|Water/Nonfat chicken broth / vegetable broth||1⁄4 Cup (4 tbs)|
|Diced yellow summer squash||1 Cup (16 tbs)|
|Diced green bell pepper||1⁄2 Cup (8 tbs)|
|Diced red onion||1⁄2 Cup (8 tbs)|
|Potatoes||3 , diced|
|Broccoli florets||1 1⁄2 Cup (24 tbs)|
|Chili powder||1 Tablespoon|
|Cayenne pepper||1 Pinch|
|Chopped fresh tomatoes/Low-sodium canned tomatoes||3 1⁄2 Cup (56 tbs)|
|Corn kernels||2 Cup (32 tbs) (Fresh, Frozen, Or Canned)|
|Beer/Non alcoholic beer||12 Ounce|
|Low sodium tomato puree/Low-sodium tomato paste||1⁄4 Cup (4 tbs)|
|Home cooked pinto beans/Canned pinto beans||2 1⁄2 Cup (40 tbs), drained, rinsed|
Heat 1/4 cup water or broth in a large, heavy soup pot.
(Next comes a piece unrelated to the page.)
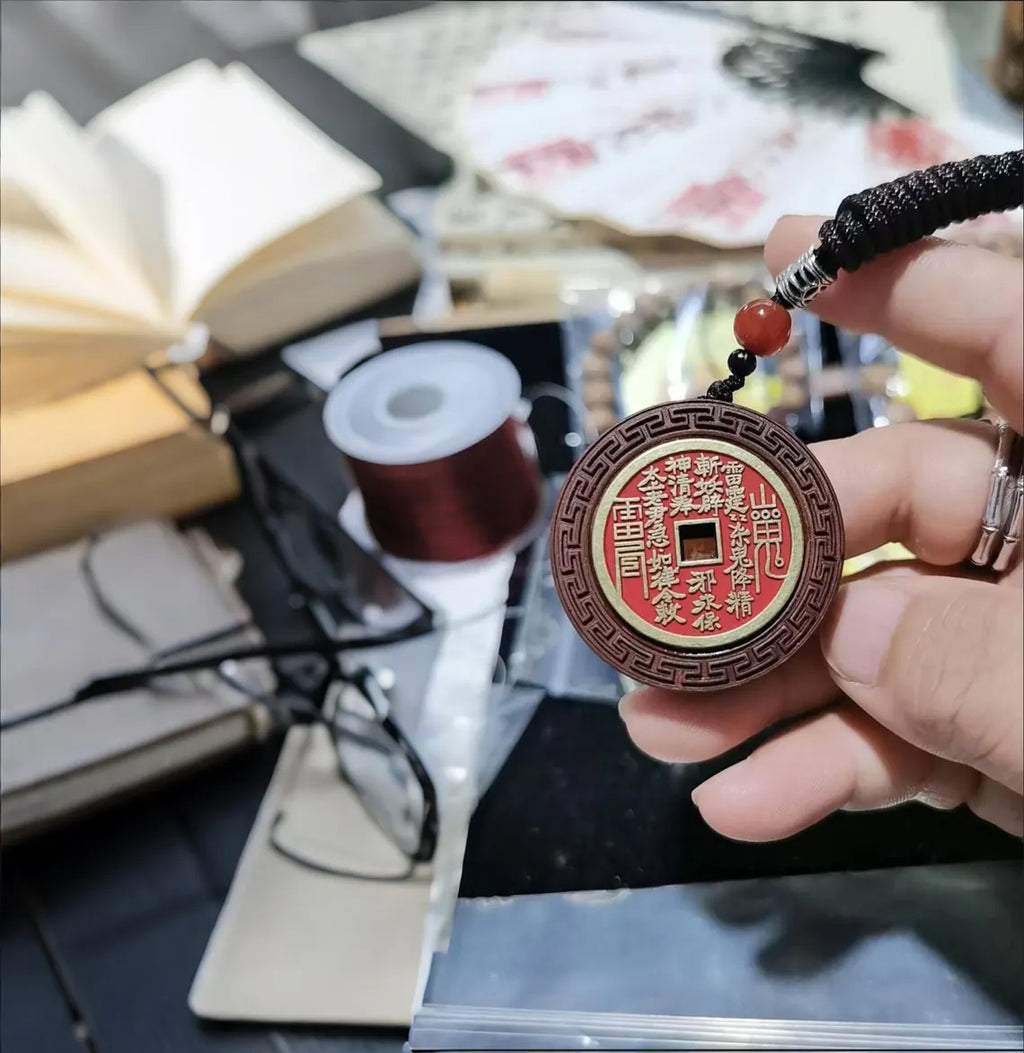 Hand-Carved Jujube Wood Pendant: Taoist Blessing, Wealth & Protection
Add yellow summer squash, green pepper, and red onion.
Cook and stir for 10 minutes or until vegetables are tender.
Add potatoes, broccoli, chili powder, cayenne pepper, tomatoes, corn, beer, and tomato puree or paste.
Bring to a boil.
Reduce heat, cover, and cook over low heat for 25 minutes.
Add beans and cook for 10 more minutes.